Whether it be students struggling with education, Black mothers losing babies, or a community beset by any number of issues, Dr. Meredith Shockley-Smith’s proposed solutions always start the same way: Listen to those most impacted. Let them lead. 

Simple but true, this asset-based mindset has guided Meredith, an alum of Public Allies Cincinnati (‘07), through every step of her winding career in service. Now helping to curb an infant mortality crisis in her home county, the impact of her approach may quite literally be saving lives.

Although she now carries a doctorate, college did not always come easy for Meredith. “I did not love school and school did not love me,” she jokes. Especially unlovable in her eyes was the “banking method,” in which students are expected to bank often-arbitrary information and then withdraw it at a moment’s notice come test time.

Happy to be done with undergrad, Meredith joined Public Allies and became immersed in her local community, with all its challenges and unsung heroes. “Public Allies sent me on a journey I could not have even imagined,” she says. “The connection to people who were like-minded about change was so powerful. To this day, they motivate me.”

School was apparently not done with Meredith, though, who was placed at the University of Cincinnati for her service year. Tasked with administering a scholarship program for underrepresented, low-income, and first generation students, she saw much of herself in those she served. Meredith recalled something a professor had said to her: “You have these complaints about education, so why don’t you fix it?” Taking the challenge to heart, she made it her mantra to “support and celebrate” students, and ultimately earned a Ph.D. doing just that.

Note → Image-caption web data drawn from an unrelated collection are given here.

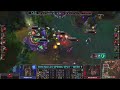 random doublelift s amazing mechanics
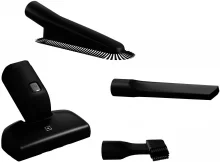 Priedas dulkių siurbliui Electrolux KIT18
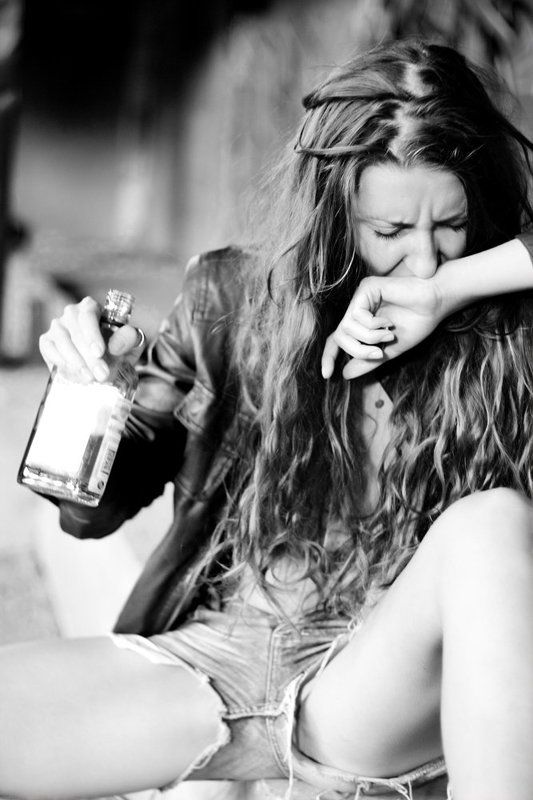 портрет, девушка, алкоголь, байбеков, руслан, lffenok, portrait, alcohol, woman, girl, baybekov, ruslan 40 градусовphoto preview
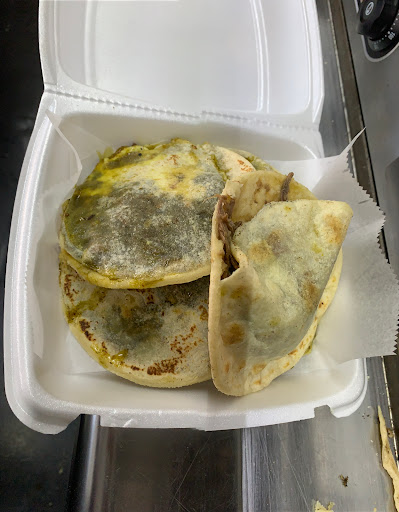 Gorditas Nena´s Gallery - United States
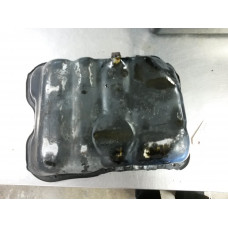 109Y043 Lower Engine Oil Pan For 11-13 Kia Optima EX 2.4 215102G500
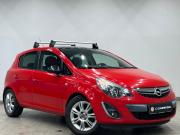 Opel Corsa D Рестайлинг II Кемерово  - изображение 15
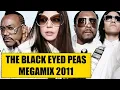 Lagu Black Eyed Peas Megamix 2011 - The Best Of BEP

In between studying, as an act of self-care, Meredith started a weekly potluck at her house with a few Public Allies friends. For over six years, this “family dinner” had an open-door policy, welcoming everyone from professors to folks experiencing homelessness. While always fun, Meredith began to realize how this ongoing ritual was in fact building a diverse and robust network, one that she draws on to this day.

Now Director of Community Strategies at Cradle Cincinnati, Meredith is combining her skills in social service and creating “sacred spaces.” Based in Hamilton County, which has ranked in the bottom 10% nationally for infant mortality, the organization’s mission is to “help every baby in Cincinnati live to celebrate their first birthday.” Meredith and her teammates (many of whom are fellow Public Allies alumni) have been heartened by a recent trend in the right direction. In fact, 2019 saw the lowest number of Black infant deaths on record.

What does Meredith attribute this success to? Listening to those closest to the problem, of course: “We are asking Black women what they need, and then centering their leadership so that they can create the change they see fit,” she says. Much like with her potlucks, Meredith welcomes them into her community. Through education and wellness programming, she tries to “give space fit for a queen, something Black women may have not gotten prior.”

Despite her education, Meredith never leads with degrees, and despite her success at Cradle Cincinnati, she gives all the credit to the women in her program. In every instance, she strives to empower the leadership of others. The result has been a snowball effect, where her constituents become recruiters, building a community that is changing Cincinnati and beyond.